The low quality of air in Poland is responsible for the anticipated death of 50000 people every year. Not only fatalities, life comfort of inhabitants is impacted with smog triggering chronicle respiratory difficulties, nauseas or headaches. Fight against smog encompasses a large range of action supported by public funds, from promotion of more recent furnace to the local ban of coal combustions.

A cornerstone of public measure lays in the ability to describe an initial state and monitor its evolution; it makes possible the investigation of the expected improvement associated with a strategy. In this respect, a network of station measuring air quality across Poland provides hourly evaluation of various pollutant. The station data are either directly delivered through synthetic maps or less refined as raw data (a measure at a give date and time for a specific pollutant monitored by a peculiar station).

Stations provide air quality estimation in a specific location and provide therefore a localised description of the air quality. The number of station changes with time, with a general trend to increase the number of stations available. In this condition, the stated of air quality is not available for the whole territory.

To account for spacial discrete distribution of station, and variation with time of data acquisition availability the complete network of air quality monitoring can be interpolated so as to obtain a local estimation in any position within the map. This will help representing the general situation of air quality in Poland and also understanding the limit of the current air quality monitoring schemes. The approach presented hereafter is a possible general framework for the generation of interpolated maps along with prediction variance estimations.

2 Material and methods

2.1 Principle

The general idea is to retrieve and select air quality data from station scattered across the country and represent them on a map. The stations represent singular points, the scattered values are used for interpolation so as to estimated the air quality over all territory in a raster. The raster, the country boundaries (shape), the station measure (points) are then stacked over an open street map background.

2.2 Data

Updated PM10 data are available via an API interface: https://powietrze.gios.gov.pl/pjp/content/api.

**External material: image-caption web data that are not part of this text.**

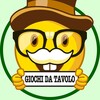 Logo of telegram channel affaridanerdgdt — Giochi da Tavolo 🤓 Affari da Nerd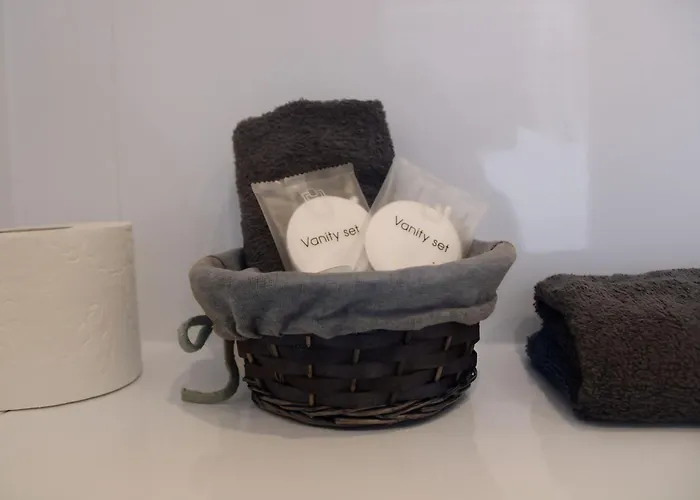 Durdi - Serviced - 24h Self-check-in & Parking Apartment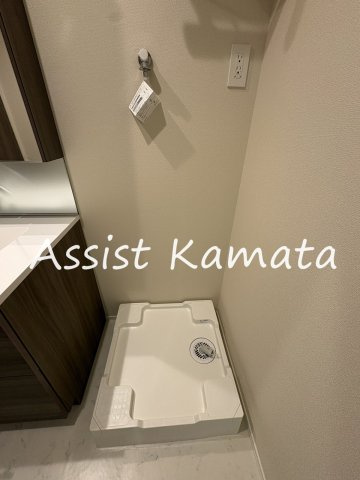 ルーチェ山王の設備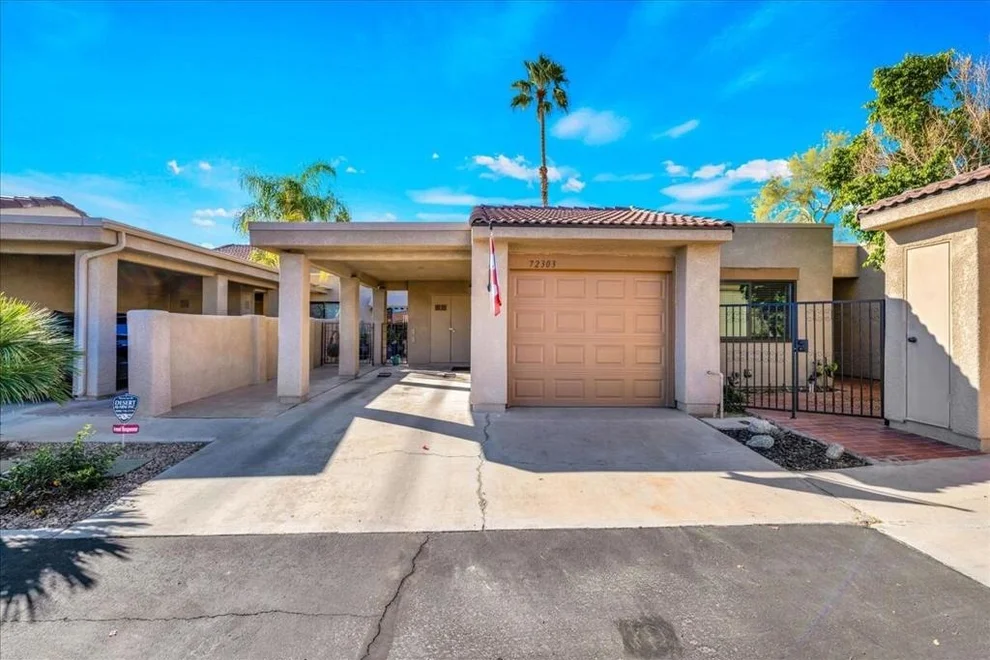 Unit for sale at 72303 Sommerset Drive, Palm Desert, CA 92260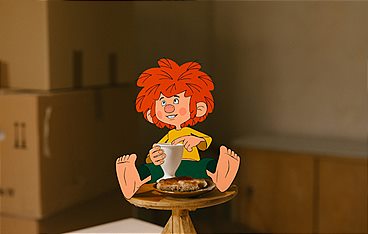 Neue Geschichten vom Pumuckl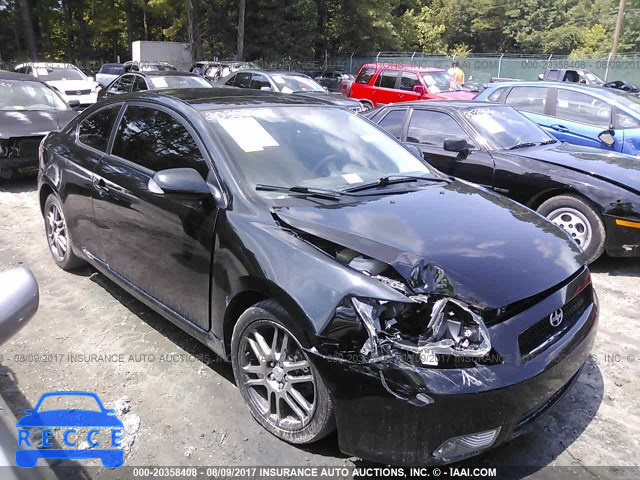 2009 Scion TC JTKDE167X90291531 image 0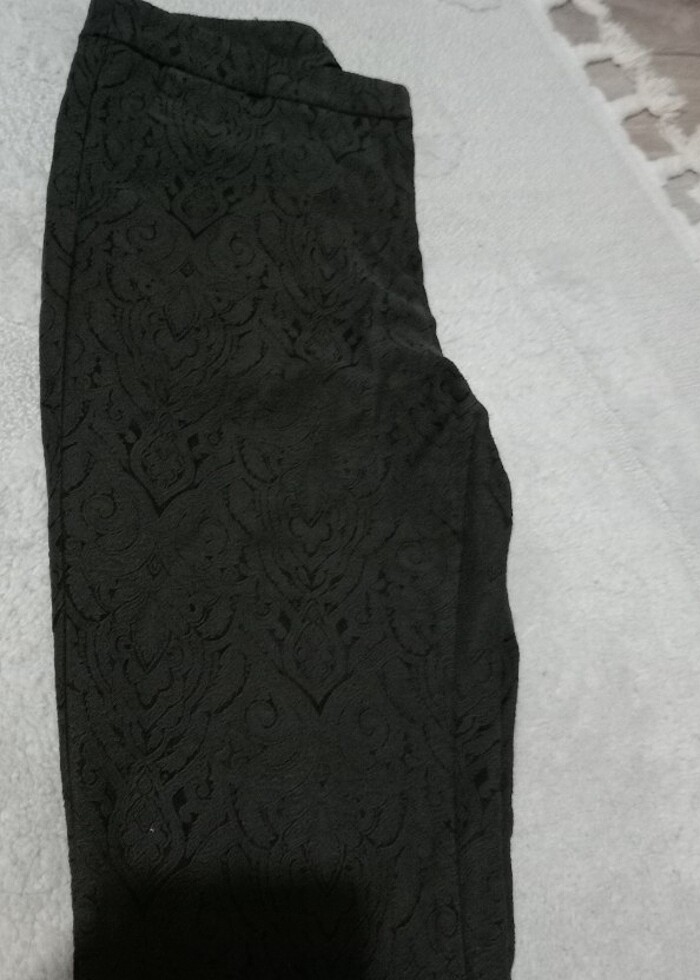 Pantolon  - Görsel 4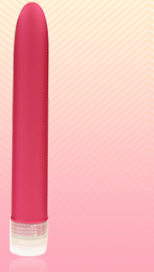Vibromasseur Velvet Doc Johnson Magenta
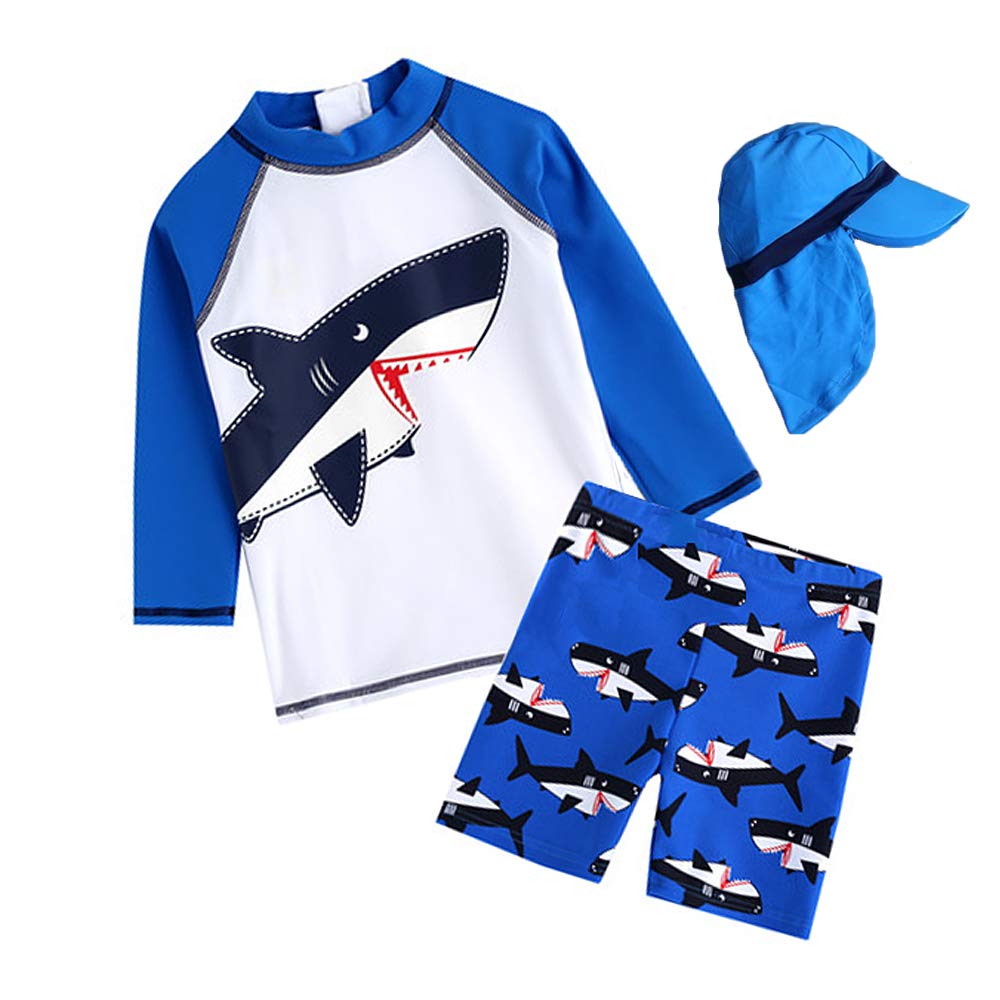 12 Best Boys Surfing Rash Guards 2023 Reviews & Ratings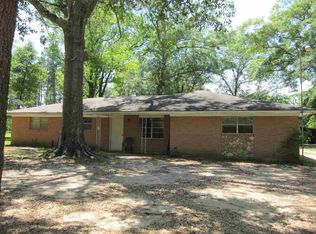 80 Hooks Rd, Lumberton, TX 77657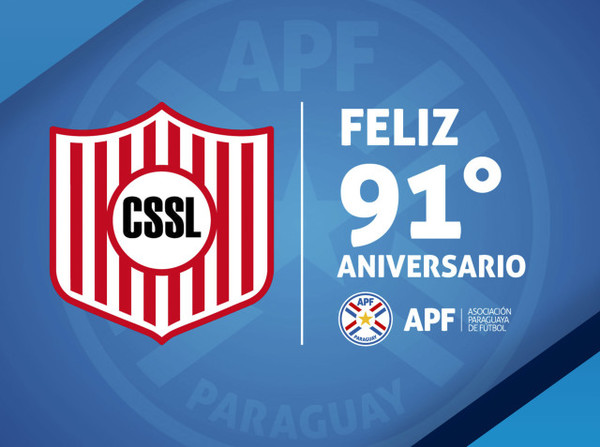 91 años del Rayadito - APF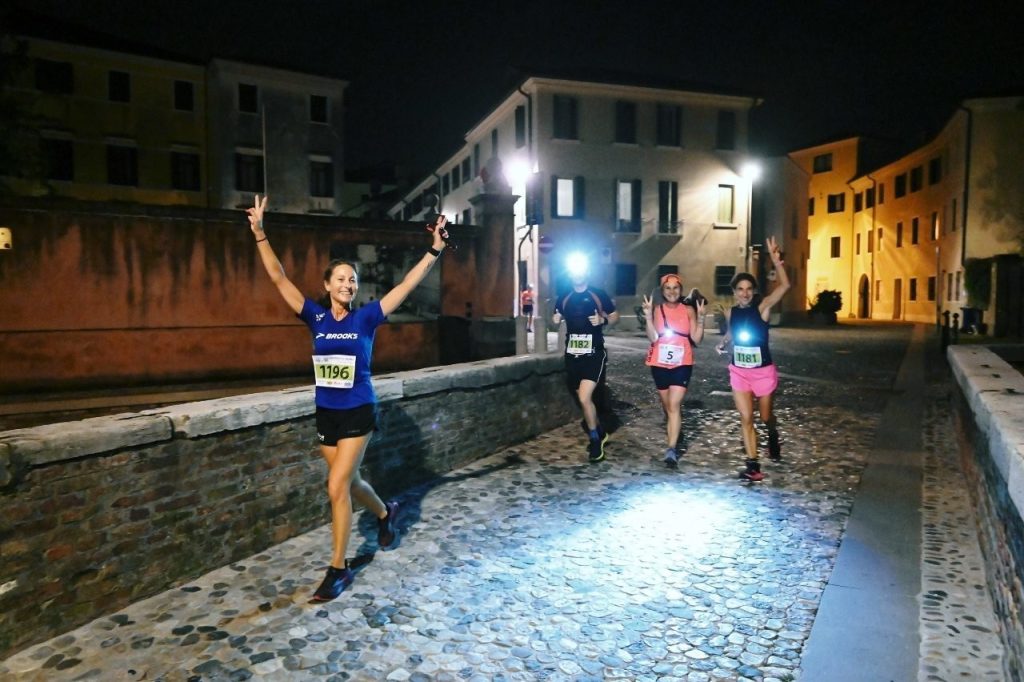 treviso corsa serale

The map shape was downloaded from the Geographic Information System of the COmmission (GISCO), a service within Eurostats. The GISCO proposes a nomenclature of territorial units for Statistics, named NUTS. The NUTS of the year 2016 was downloaded before running the application1.

Three Coordinate Reference System are used through this example: world scale data are based on the WGS84 (EPSG 4326) and station localisation is also given in this coordinate system, the European territorial unite are initially served in the ETRS89-extended / LAEA Europe (EPSG 3035), the Polish wide data are projected in ETRS89 / Poland CS92 (EPSG 2180)2. For CRS conversions with R, find out more at https://www.nceas.ucsb.edu/sites/default/files/2020-04/OverviewCoordinateReferenceSystems.pdf.

2.3 Packages

  • The API queries were managed with httr (Wickham 2019) and jsonlite (Ooms 2014) and geojsonio (Chamberlain and Teucher 2020).
  • The geographic data were handled with sp (Pebesma and Bivand 2005; Bivand, Pebesma, and Gomez-Rubio 2013), rgdal (Bivand, Keitt, and Rowlingson 2019), raster (Hijmans 2020) and gstat (Gräler, Pebesma, and Heuvelink 2016).
  • The interactive rendering was managed with leaflet and htmlwidgets.
library(httr);
library(jsonlite);
library(rgdal);
library(raster);
library(gstat);
library(leaflet);
library(htmlwidgets);

dir_wd <- file.path(".");
setwd(dir_wd);
paths <- list(
  f01 = file.path(
    'extdep', 'gisco', 'ref-nuts-2016-60m', 'NUTS_RG_60M_2016_3035'
    ),
  f02 = file.path(getwd(), "docs", "html", "html_widget", "PM10_map.html"),
  f03 = file.path("data", "station.rda"),
  f04 = file.path("data", "sensor.rda"),
  f05 = file.path("data", "measure.rda"),
  f06 = file.path("data", "shape.rda")
);

write_ref <- c(TRUE, FALSE)[2];
use_ref   <- c(TRUE, FALSE)[1];

3 Results

3.1 PM10 data

The API interface was used to query the list of available stations.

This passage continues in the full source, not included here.